Former Trump campaign adviser Carter Page is accusing the U.S. government of breaking the law in their use of Christopher Steele‘s dossier, but not for the reason one might expect. Page posted a cryptic tweet that appeared to accuse attorneys of breaking the law, supposedly regarding his personal situation involving the FBI using a FISA warrant to monitor him.
31 U.S.C. § 1342: officer of the USG may not accept voluntary services or employ personal services exceeding that authorized by law…
Looks like the government shutdown may teach some legal concepts to professionals in the Bar which they should have practiced years ago!#MAGA!
— Carter Page, Ph.D. (@carterwpage) December 27, 2018
“Looks like the government shutdown may teach some legal concepts to professionals in the Bar which they should have practiced years ago!” Page said in a Thursday tweet, citing 31 U.S.C. § 1342, also known as the Antideficiency Act.
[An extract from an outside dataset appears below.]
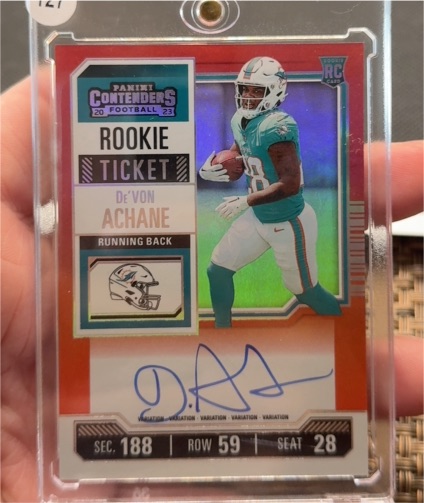 2023 Panini Contenders #109 De'Von Achane Rookie Ticket — front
That law prohibits federal or D.C. government officers or employees from accepting “voluntary services for either government or employ personal services exceeding that authorized by law except for emergencies involving the safety of human life or the protection of property.”
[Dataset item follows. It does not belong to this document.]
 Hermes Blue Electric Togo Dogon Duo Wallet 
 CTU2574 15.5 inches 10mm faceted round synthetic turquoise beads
So what does this have to do with Page, or the government shutdown for that matter?
Apparently, Page was looking at a report by the Congressional Research Service titled, “Shutdown of the Federal Government: Causes, Processes, and Effects.” Updated on December 10, soon before the current shutdown, the report cites the Antideficiency Act in discussing how government agencies can’t function without appropriations because they’re forbidden from making outside arrangements. Page cited this report in an email to Law&Crime, apparently figuring that Justice Department attorneys involved in his case may have noticed it and connected the same dots he did to his own situation.
“Beginning in the months preceding the 2016 election,” Page said, “certain political organizations and their servants were providing voluntary services to the DOJ, FBI and other government agencies in the form of their Dodgy Dossier, which they were then feeding into the U.S. Intelligence Community.”
Page is referring to the unverified dossier compiled by former British intelligence officer Christopher Steele, which ended up in the FBI’s hands. Page and his supporters have accused the FBI of improperly relying on the unverified document as evidence in support of applications for a warrant from the Foreign Intelligence Surveillance Court to monitor him.
While Steele had been an FBI source at one point, the dossier was not the result of voluntary work done at the government’s behest, nor was the company who hired him contracted by the government. Steele was working for FusionGPS as part of opposition research funded by the Clinton campaign. As far as the FBI getting the dossier, that would be analogous to any tip law enforcement receives from any source.
Republicans have pointed to DOJ official Bruce Ohr being married to a FusionGPS employee as a sign of foul play, but even that criticism has not been in the form of allegations that anyone violated the Antideficiency Act.